# 2019 Nissan Rogue SV fan noise?



## Gvandy924 (Sep 30, 2019)

I just bought my 2019 Nissan Rogue SV 2 months ago exactly. Today I started hearing a noise from the vents when the AC is on. It sounds kind of like a big flying insect; like the flapping of the wings, but louder. I played with the buttons on the dash and the noise speeds up when I increase the fan speed. The noise is constant no matter the temp setting (AC or heat) or if it's circulating within the car or not. The noise only stops when I turn off the air/heat. HELP!!!!


----------



## rogoman (Dec 16, 2004)

Could be one of two things:

- Bad bearing in blower motor.
- Debris in the cabin filter.


----------



## Gvandy924 (Sep 30, 2019)

Is there a non invasive (as in w/out tools) way I could check for debris?


----------



## rogoman (Dec 16, 2004)

The layout of the A/C-heater box is that the air flows through the fan then through the cabin filter.

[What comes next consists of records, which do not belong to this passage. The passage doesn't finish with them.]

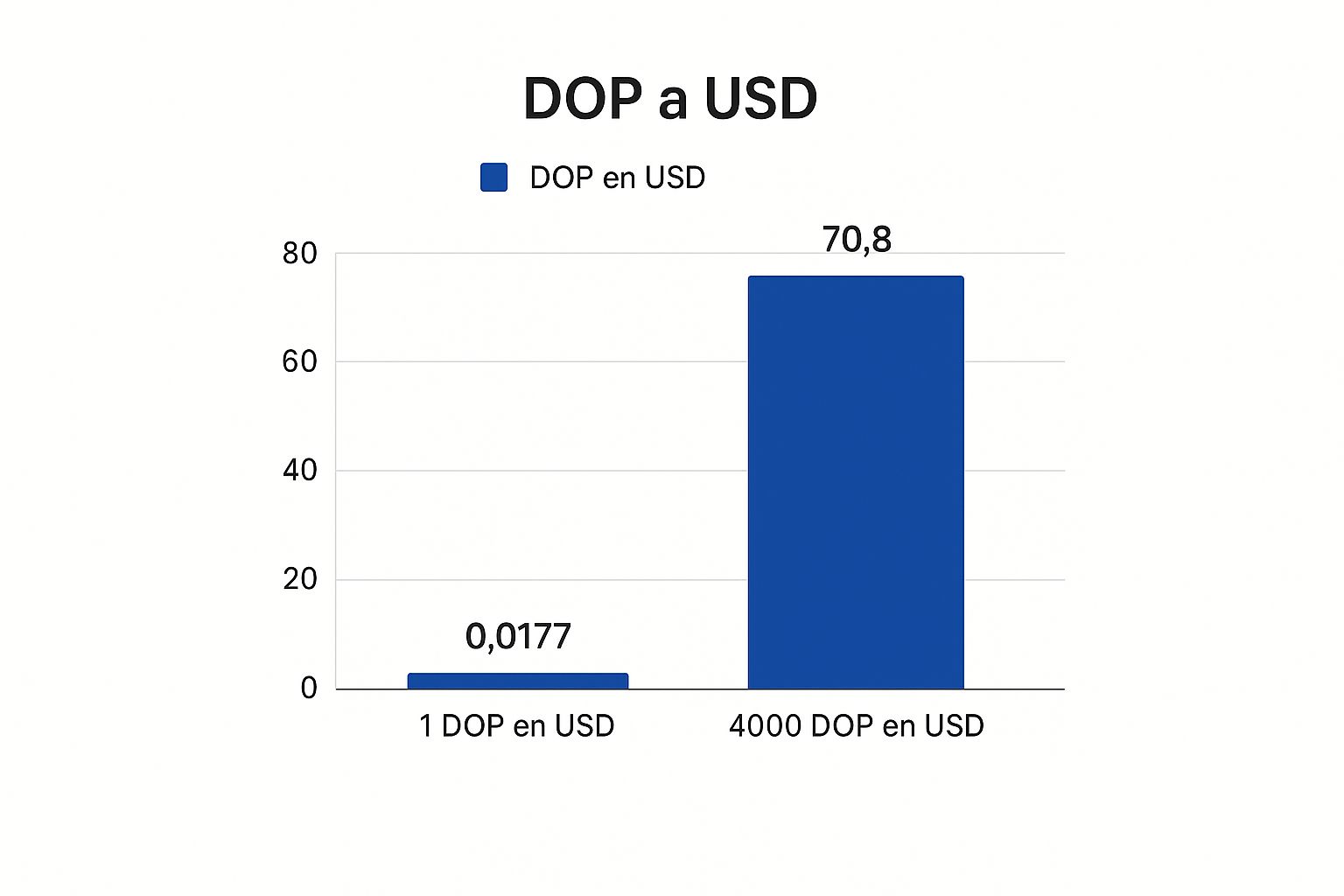 Gráfica que muestra la fluctuación del valor de 4000 pesos dominicanos a dólares estadounidenses en diferentes entidades financieras.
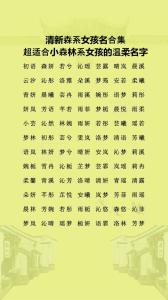 熱門女孩名字大全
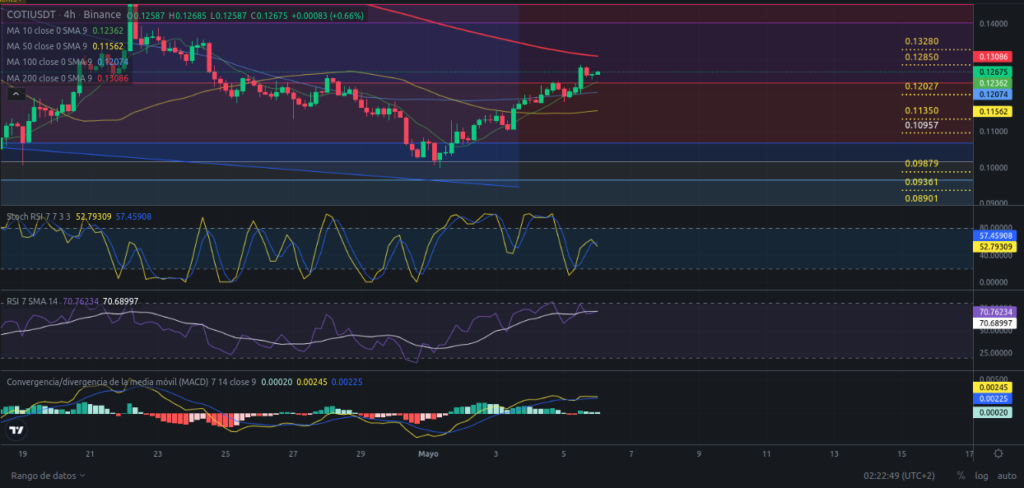 Precio de criptomoneda COTI hoy – 06/05/2024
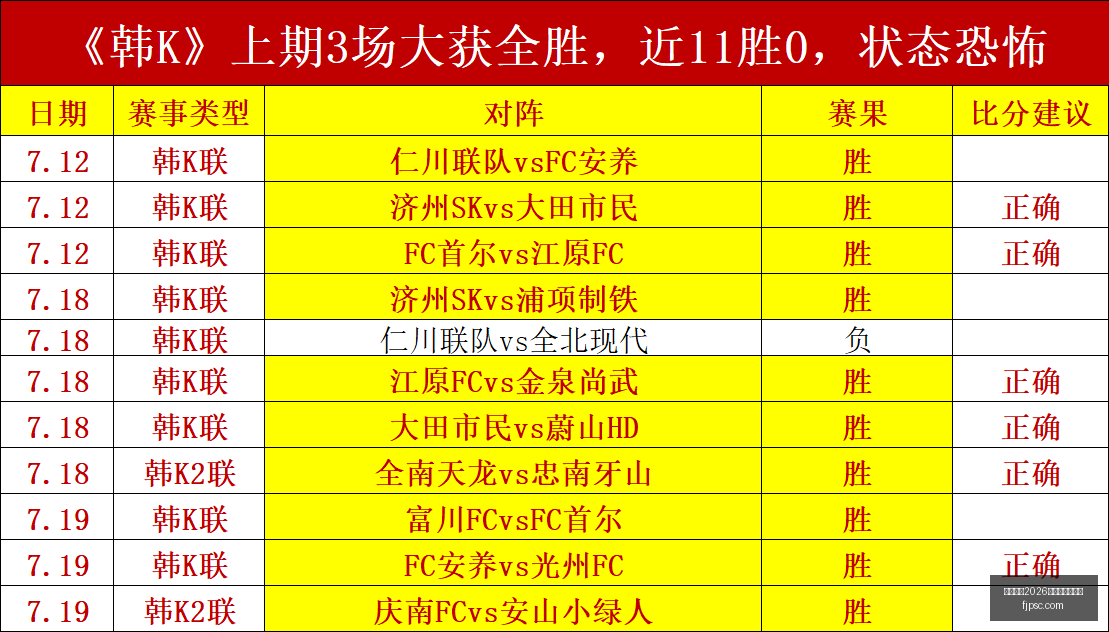 国际足联,世界杯投注,平台,国际足联2026世界杯投注平台,世界杯投注,2026世界杯赛程,国际足联官网,足球投注指南,世界杯预测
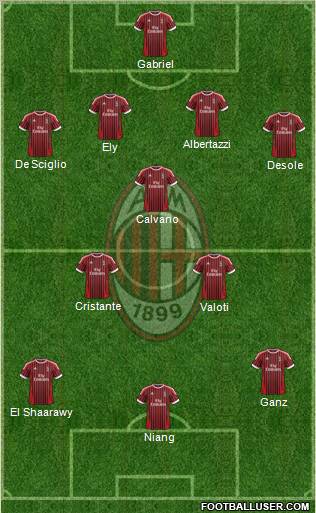 A.C. Milan Formation 2012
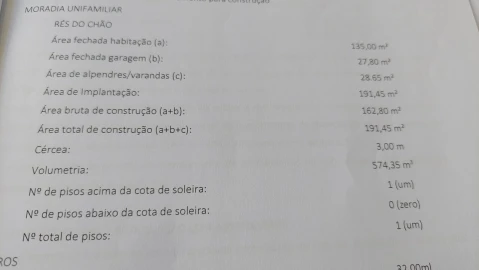 Terreno para Venda em Monte Real e Carvide
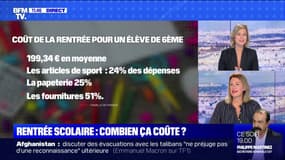 Combien coûte la rentrée scolaire aux parents ? BFMTV répond vos questions 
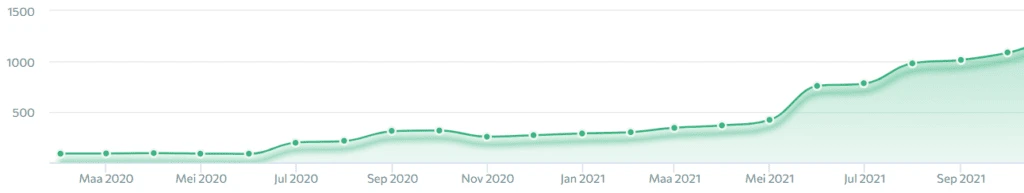 Stijging aantal bezoekers resultaten KT3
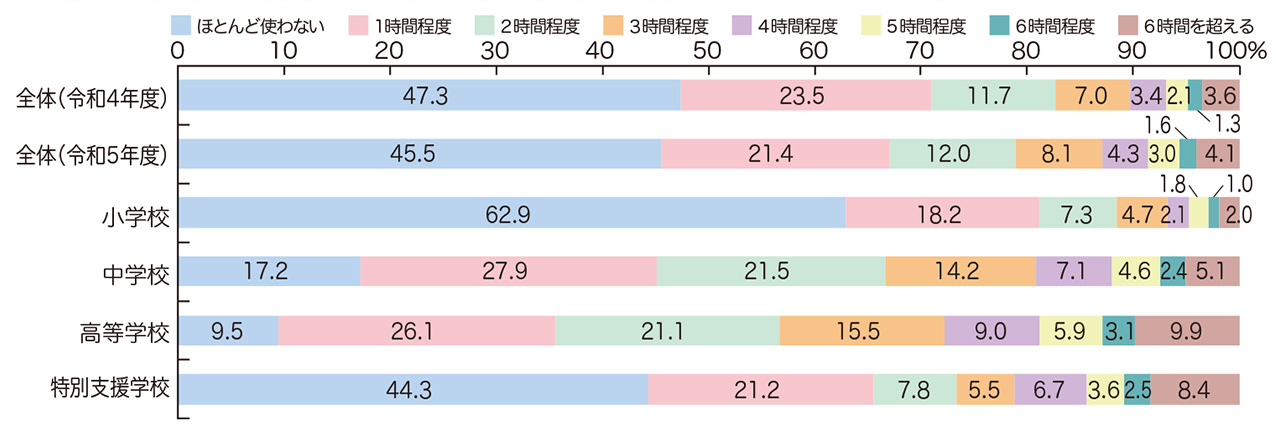児童・生徒の一日あたりのインターネット利用時間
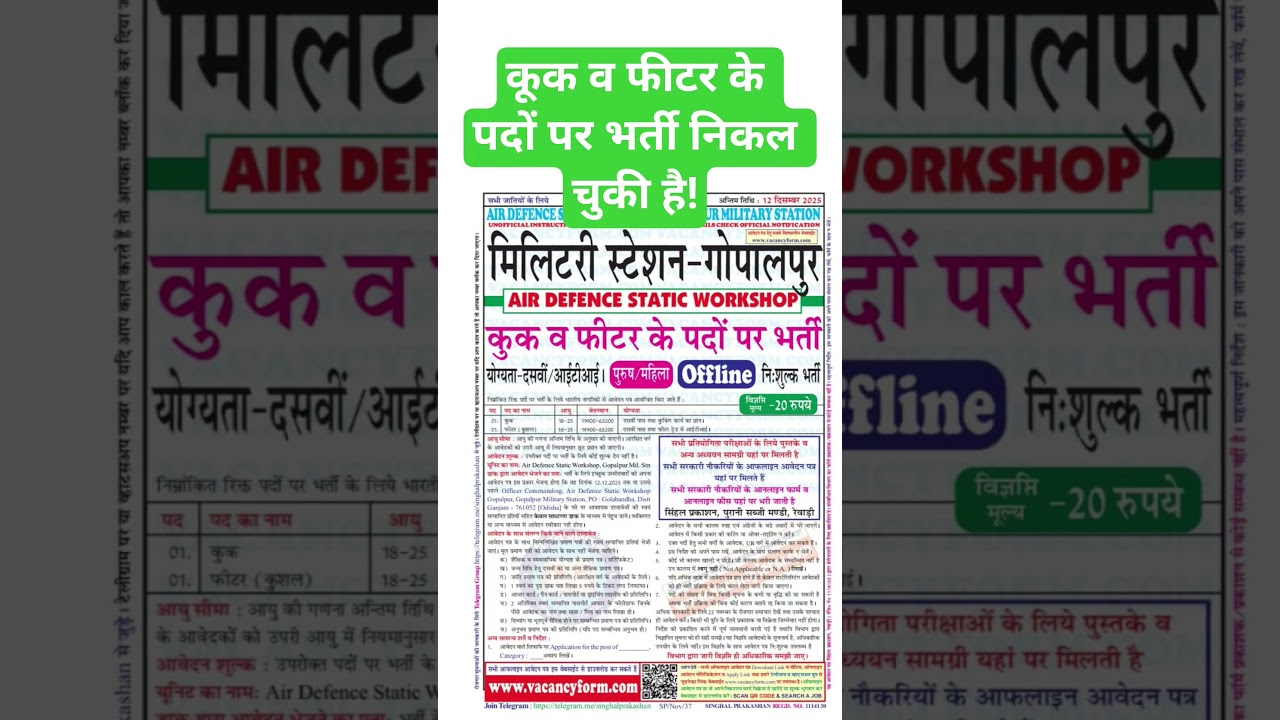 कूक व फीटर के पदों पर भर्ती निकल चुकी है!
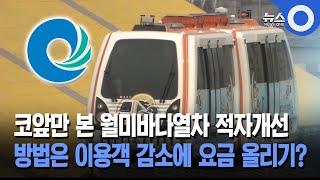 코앞만 본 월미바다열차 적자개선... 방법은 이용객 감소에 요금 올리기?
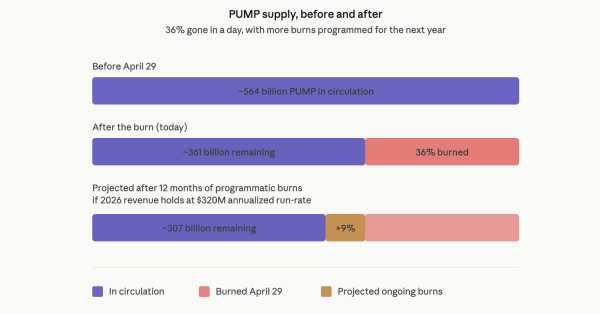 Pump.fun has been using all its revenue to burn its token. Now it&rsquo;s changing course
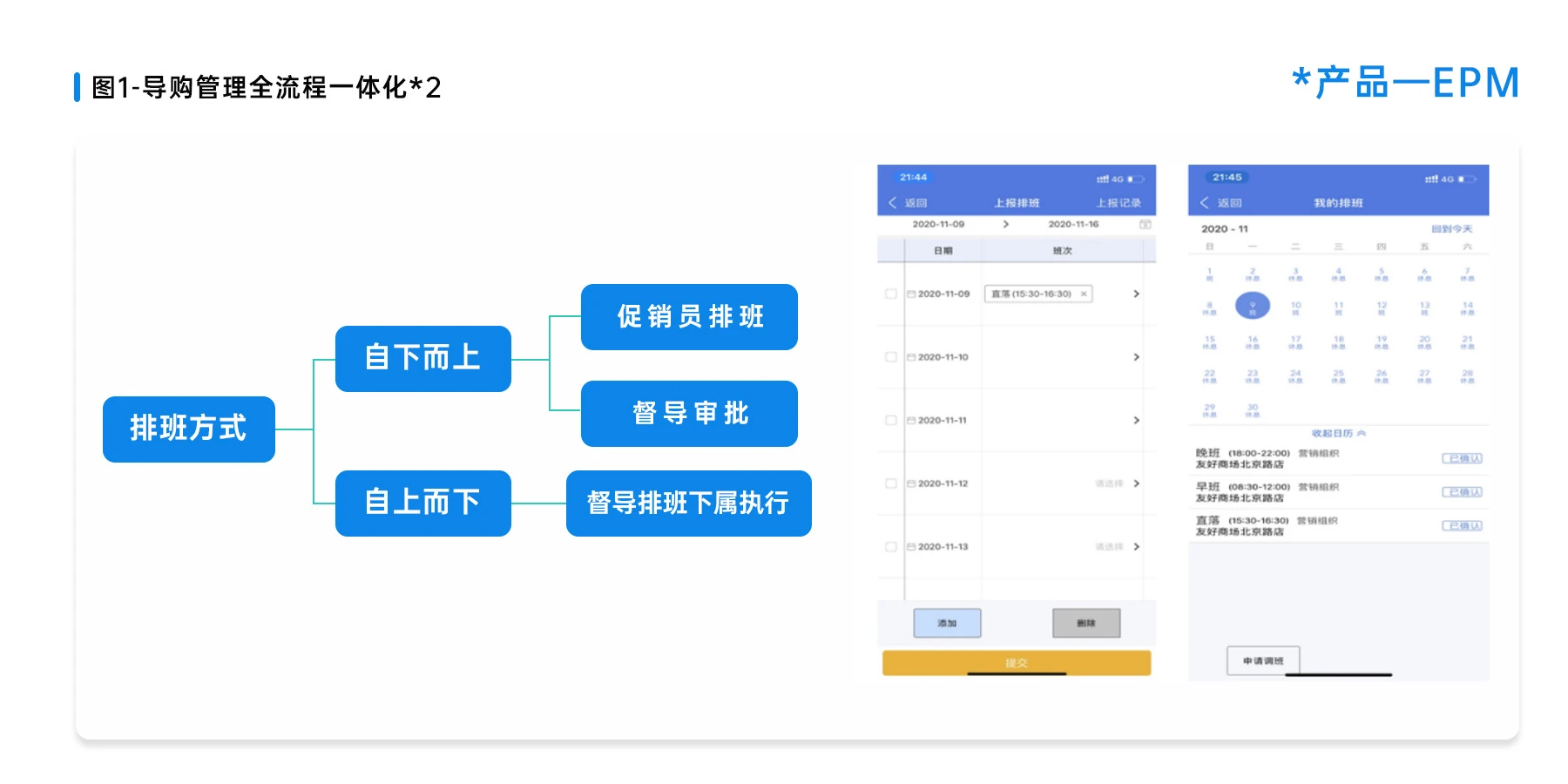导购管理系统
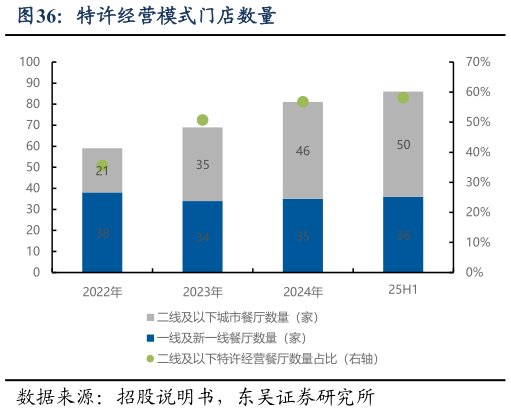 一起讨论下特许经营模式门店数量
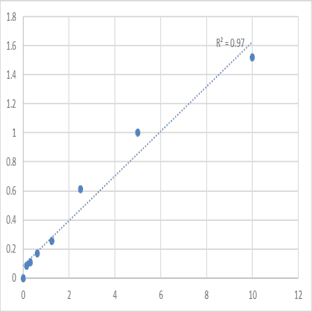 Human Protocadherin beta-16 (PCDHB16) ELISA Kit avatar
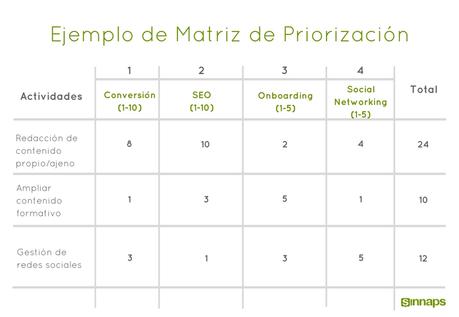 Ejemplo de Matriz de Priorización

First pull the filter out and look at the filter to see if there is a large accumulation of debris like maybe leaves. Examine the open slot for evidence of debris; by using a flashlight and a very small mirror, this will allow you to see some of the interior of the box. While the filter is out, turn on the A/C switch and see if the noise has gone away. If the noise is still there, then it's more likely that the fan motor has a bad bearing.


----------



## quadraria10 (Jul 6, 2010)

Just take it back to your dealer. It is only 2 months old and under warranty. Mind you it is worth learning how to change your own cabin air filter, as that can save you a fair bit of money over the life of the car. I would say the odds are greater that you have a defective blower motor, than something is getting behind the filter and causing noise. If somehow no filter was installed at the factory then debris can get in and cause some noise. Good luck with it


----------



## Scaramanga (Nov 17, 2019)

+1 on taking it back. The blower fan (think of a hamster wheel) is ever so slightly rubbing on its housing, the same box described above. This can happen from a bad bearing on the motor, or debris that got past the filter somehow.


----------